Petr Olsak olsak@math.feld.cvut.cz
Wed, 22 Jan 2003 15:51:10 +0100 (CET)

On Wed, 22 Jan 2003, Vladimir Volovich wrote:

>  >> with encTeX, expansion of a multibyte UTF-8 character can also be
>  >> not a single letter, but a sequence of several tokens (e.g. a call
>  >> to macro), - so encTeX suffers from exactly the same "problem":
>  >> you can't be sure that one UTF-8 character in the input file will
>  >> be one token,
>
>
> OK, sorry, - i didn't read it carefully enough...
> nevertheless, i still see a problem:
>
>   encTeX cannot define all possible UTF-8 characters (due to very big
>   number of characters), so some valid UTF-8 character in input file
>   will not be translated in any way, thus \macro ä MAY still be
>   processed incorrectly by encTeX if a multibyte UTF-8 sequence for ä
>   was not defined in encTeX, and a bad behavior of \macro will occur.
>   i.e. \macro ä will get the first byte of UTF-8 representation of ä
>   instead of the whole character (just the same effect as mentioned in
>   the ucs package).

Yes, but all characters _supported_ in encTeX table behaves in macro level
as a single token.
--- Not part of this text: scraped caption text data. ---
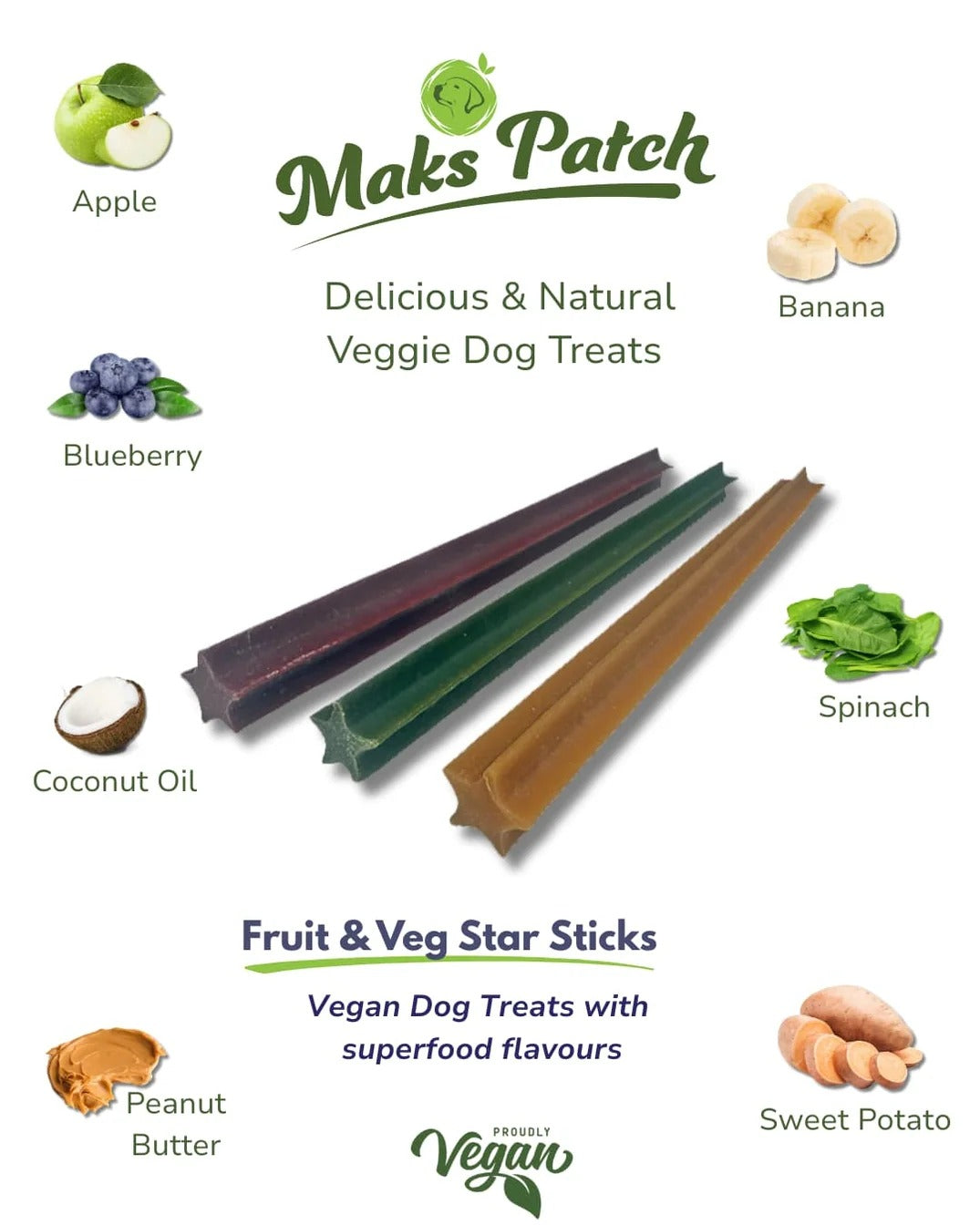Vegan Dog Treats - Fruit & Veg Star Sticks - added Coconut Oil - 5 pack bundle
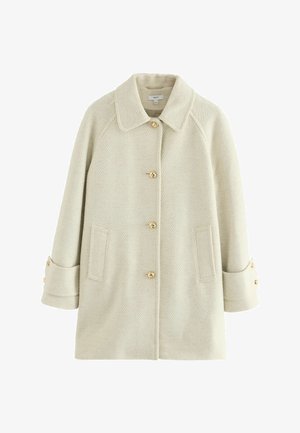 Light beige herringbone coat with a collared neckline, gold buttons, and rolled-up sleeves featuring button accents. Two front pockets.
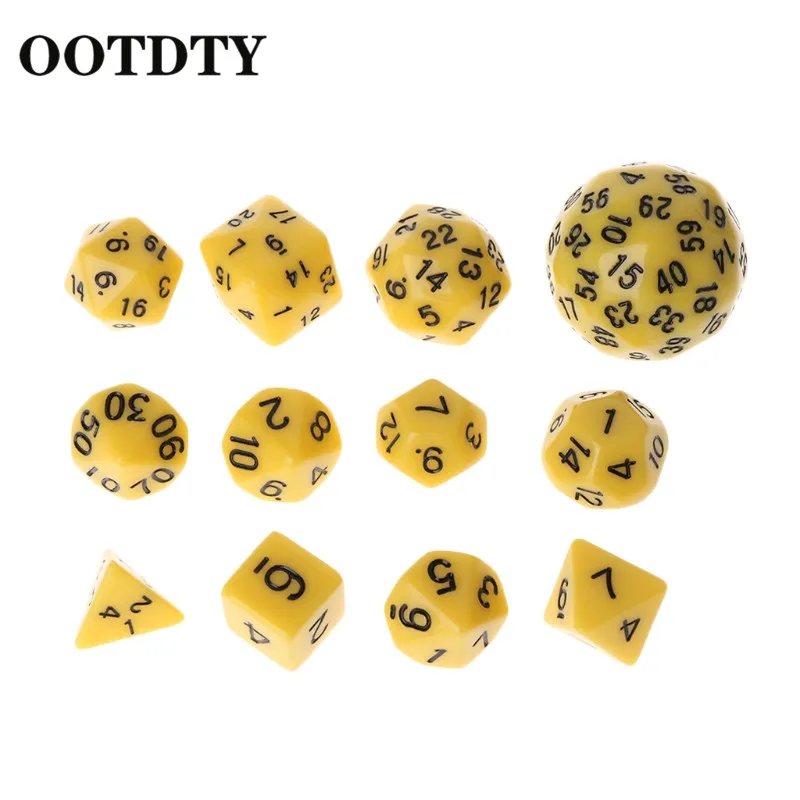 OOTDTY 12 шт./компл. многогранные кубики D4 D6 D8 D10 D12 D20 D24 D30 D60 подземелья многогранные кубики - Цвет: Цвет: желтый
On the other hand, all characters (supported or no) in
ucs.sty behaves as multi token.

>   while with UCS package (purely TeX solution) you can at least
>   generate sensible warnings for undefined UTF-8 characters which may
>   occur in imput files without defining all 2^31 characters, it is not
>   achievable with encTeX - characters which were left undefined and
>   which will appear in input files will horribly fail in encTeX
>   without any warning.

Warnings are possible, see the section 3.5 in encTeX documentation, the
\warntwobytes example. You can define the \warnthreebytes similar and you
can declare all unsupported UTF-8 codes by inserting these control
sequences in encTeX conversion table by simple \loop in \loop.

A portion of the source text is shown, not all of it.